▼▼▼
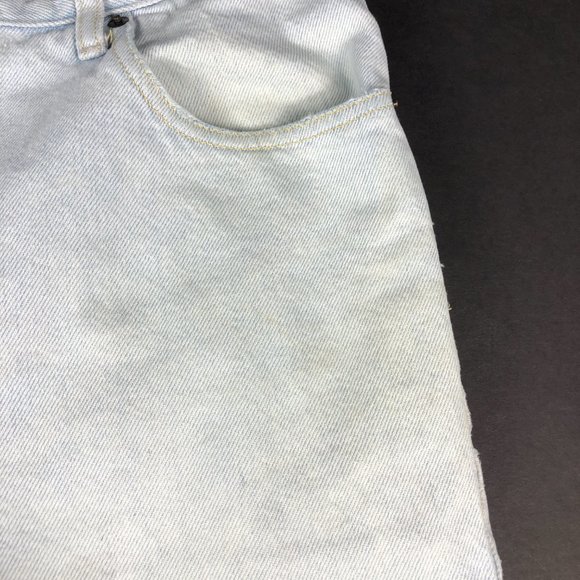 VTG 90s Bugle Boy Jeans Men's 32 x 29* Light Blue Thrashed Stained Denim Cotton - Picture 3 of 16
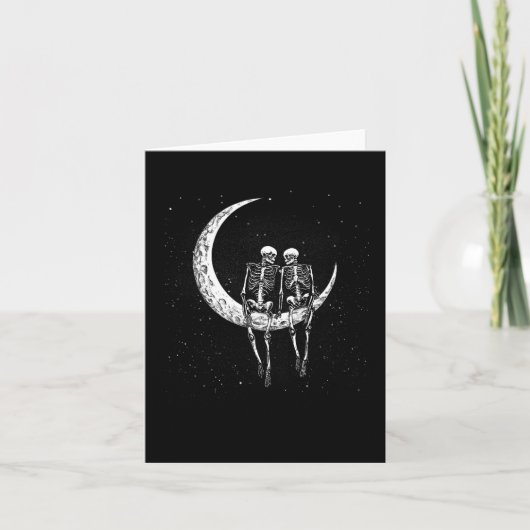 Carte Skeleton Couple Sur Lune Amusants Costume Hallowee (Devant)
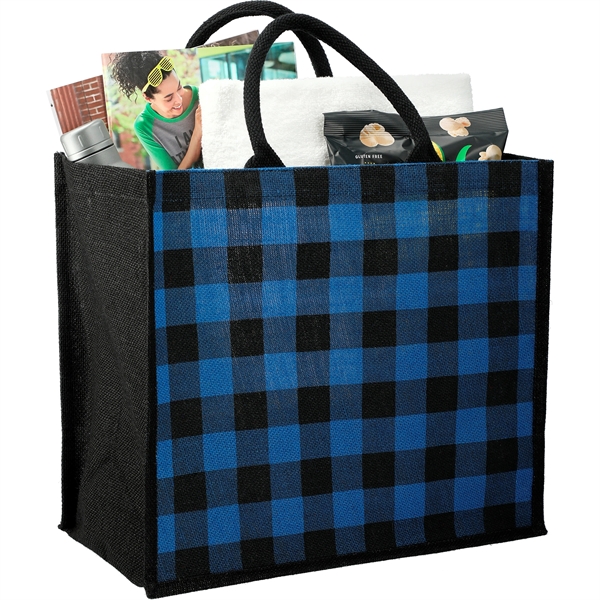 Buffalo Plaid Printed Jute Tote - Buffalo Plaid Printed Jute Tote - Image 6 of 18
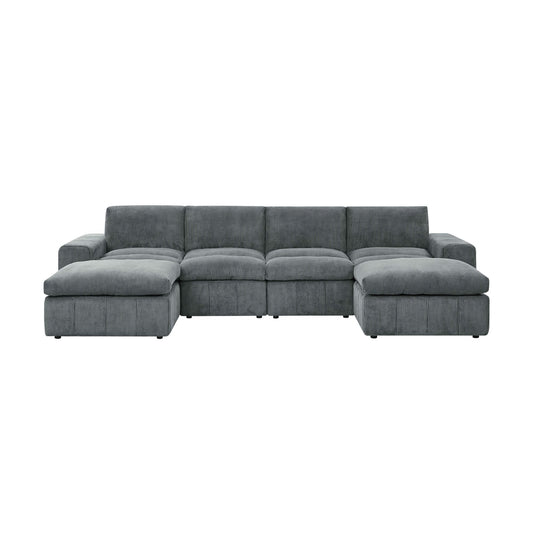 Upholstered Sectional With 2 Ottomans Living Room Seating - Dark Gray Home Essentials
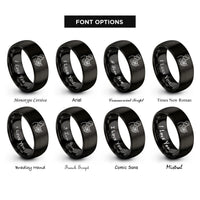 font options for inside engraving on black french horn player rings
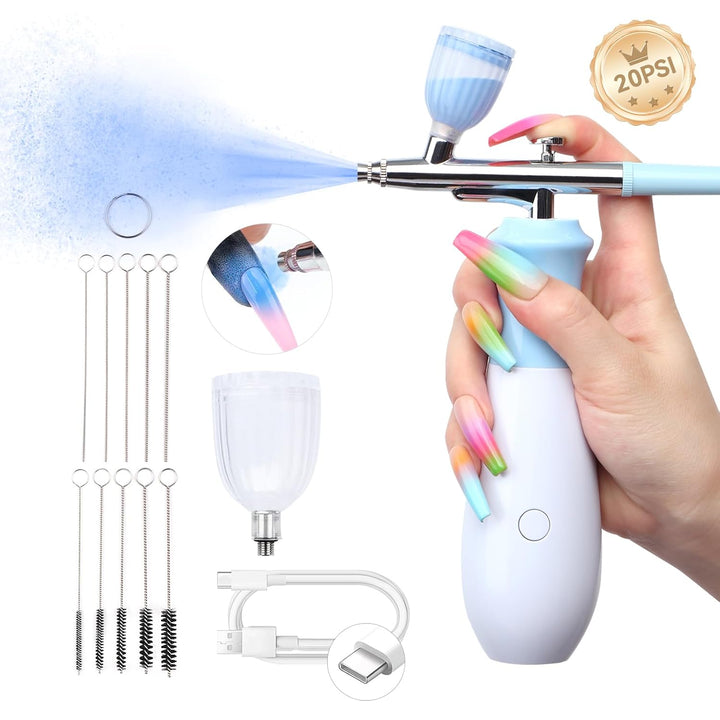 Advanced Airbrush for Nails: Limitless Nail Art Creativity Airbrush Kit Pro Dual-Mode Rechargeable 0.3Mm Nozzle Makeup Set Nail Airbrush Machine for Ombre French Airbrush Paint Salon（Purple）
▲▲▲
▼▼▼
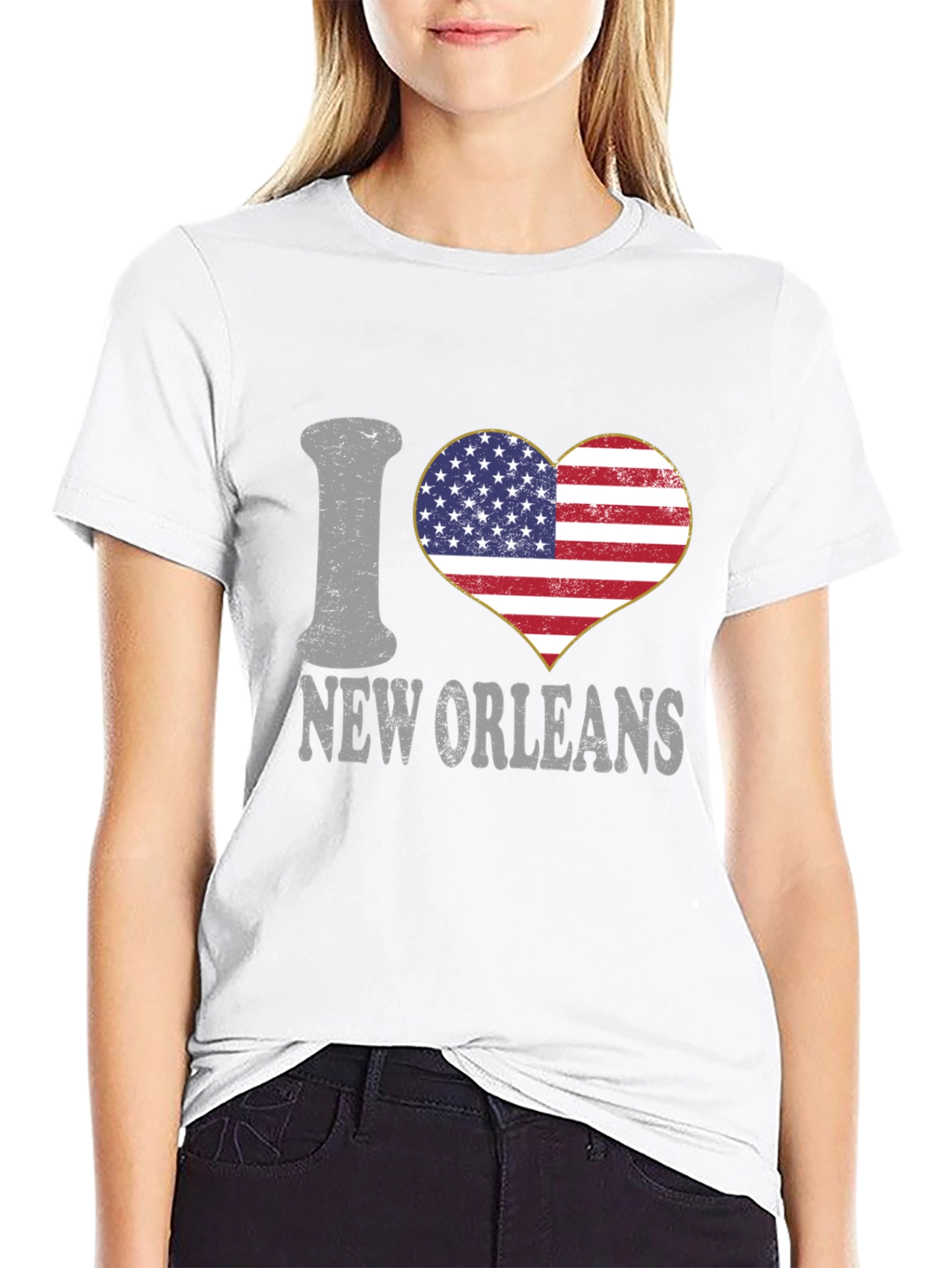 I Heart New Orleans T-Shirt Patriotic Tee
▲▲▲
> _Work task_
Above are the records. Copy only the lines from the one with "VTG 90s Bugle" through the one with "Advanced Airbrush for", exactly, with no pictures.

> _Output for this exercise_
 VTG 90s Bugle Boy Jeans Men's 32 x 29* Light Blue Thrashed Stained Denim Cotton - Picture 3 of 16
 Carte Skeleton Couple Sur Lune Amusants Costume Hallowee (Devant)
 Buffalo Plaid Printed Jute Tote - Buffalo Plaid Printed Jute Tote - Image 6 of 18
 Upholstered Sectional With 2 Ottomans Living Room Seating - Dark Gray Home Essentials
 font options for inside engraving on black french horn player rings
 Advanced Airbrush for Nails: Limitless Nail Art Creativity Airbrush Kit Pro Dual-Mode Rechargeable 0.3Mm Nozzle Makeup Set Nail Airbrush Machine for Ombre French Airbrush Paint Salon（Purple）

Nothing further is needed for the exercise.